Saturday, January 30, 2016

Military Justice Project @ NUS

The Straits Times reports on a worthwhile development at the National University of Singapore: creation of a Military Justice Project to augment official defending officer (DO) training for non-lawyers in SAF courts-martial. Excerpt:
Soldiers can also choose to hire lawyers outside the SAF. Among these legal professionals, there is debate over whether the training for DOs is sufficient. 
Veteran criminal lawyer Amolat Singh, who conducted the DO course pro bono for three years until it was revised, felt that the training adequately equipped DOs for the duties they typically perform. 
He pointed out that most military court cases are not complex and servicemen often plead guilty. 

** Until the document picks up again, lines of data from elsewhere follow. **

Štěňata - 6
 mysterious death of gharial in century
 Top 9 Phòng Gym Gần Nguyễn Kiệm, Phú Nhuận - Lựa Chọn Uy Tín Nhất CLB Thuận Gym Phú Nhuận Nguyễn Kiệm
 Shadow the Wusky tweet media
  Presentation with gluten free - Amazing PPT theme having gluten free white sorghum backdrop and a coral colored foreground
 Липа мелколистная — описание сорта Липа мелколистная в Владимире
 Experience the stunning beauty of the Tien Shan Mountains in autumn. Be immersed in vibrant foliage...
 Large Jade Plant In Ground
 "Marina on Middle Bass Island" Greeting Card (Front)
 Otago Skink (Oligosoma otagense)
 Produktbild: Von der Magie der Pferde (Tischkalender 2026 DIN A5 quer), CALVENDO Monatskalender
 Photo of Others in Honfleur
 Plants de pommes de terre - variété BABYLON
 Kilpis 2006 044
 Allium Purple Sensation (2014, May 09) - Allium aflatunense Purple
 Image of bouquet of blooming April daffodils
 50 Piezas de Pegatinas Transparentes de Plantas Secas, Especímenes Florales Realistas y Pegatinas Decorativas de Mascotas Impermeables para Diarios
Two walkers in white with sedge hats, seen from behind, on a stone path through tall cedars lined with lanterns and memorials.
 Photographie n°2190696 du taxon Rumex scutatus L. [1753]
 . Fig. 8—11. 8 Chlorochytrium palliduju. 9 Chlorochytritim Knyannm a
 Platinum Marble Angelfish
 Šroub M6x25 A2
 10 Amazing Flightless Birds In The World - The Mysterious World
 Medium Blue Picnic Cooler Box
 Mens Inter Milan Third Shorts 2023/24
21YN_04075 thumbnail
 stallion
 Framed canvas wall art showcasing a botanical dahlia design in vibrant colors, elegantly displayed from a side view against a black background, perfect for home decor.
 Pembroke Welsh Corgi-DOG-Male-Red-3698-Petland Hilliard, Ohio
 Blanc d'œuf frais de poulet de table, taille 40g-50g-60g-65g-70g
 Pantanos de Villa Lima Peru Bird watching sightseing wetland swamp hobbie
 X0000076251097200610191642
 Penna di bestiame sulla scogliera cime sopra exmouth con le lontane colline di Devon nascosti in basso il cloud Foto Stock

"You can run a one-day or a five-day course; at the end of the day, the quality of the DOs comes from practice," said Mr Singh, who was an army officer for 15 years. 
"It's just like how there are many lawyers who after law school don't do any litigation. After a while, these lawyers can also lose touch." 
Criminal lawyer Anand Nalachandran pointed out that the system at least ensures every soldier will get some form of representation. 
"In the civilian court, if an accused person is unable to afford or engage counsel, he may apply for legal assistance - but if pro bono aid is not granted, he may be unrepresented," said Mr Nalachandran. 
But lawyer Laurence Goh Eng Yau, who has more than two decades of experience with military cases, said there was a perceived "imbalance" in the system because DOs tend to be junior officers with no legal background.
"The DO, being a non-lawyer, will be at a disadvantage because he will be arguing against a prosecutor who is legally trained and has access to materials for research and support," said Mr Goh. 
That said, both Mr Goh and Mr Singh pointed out that in their experience, military prosecutors are conscious of the DOs' inexperience and do not exploit their advantage. 
"It's not a game of who performs better," said Mr Singh. "It's really about whatever punishment the serviceman gets at the end of the day - that it's just, fair and according to the law." 
But Mr Goh also said that the current system, while robust, has room for improvement. 
He is part of a group of volunteer lawyers - including Mr Singh - who regularly help DOs vet their mitigation pleas and legal documents. 
They are also working with the MJP, which has approached the Law Society's Pro Bono Services Office to see if it can extend its pro bono services to the military courts. 
The Sunday Times understands that the matter is still under discussion. 
Mr Goh said: "We are trying to work towards a situation whereby, perhaps in the long term, volunteer lawyers from the Criminal Legal Aid Scheme can extend their help to court-martial cases."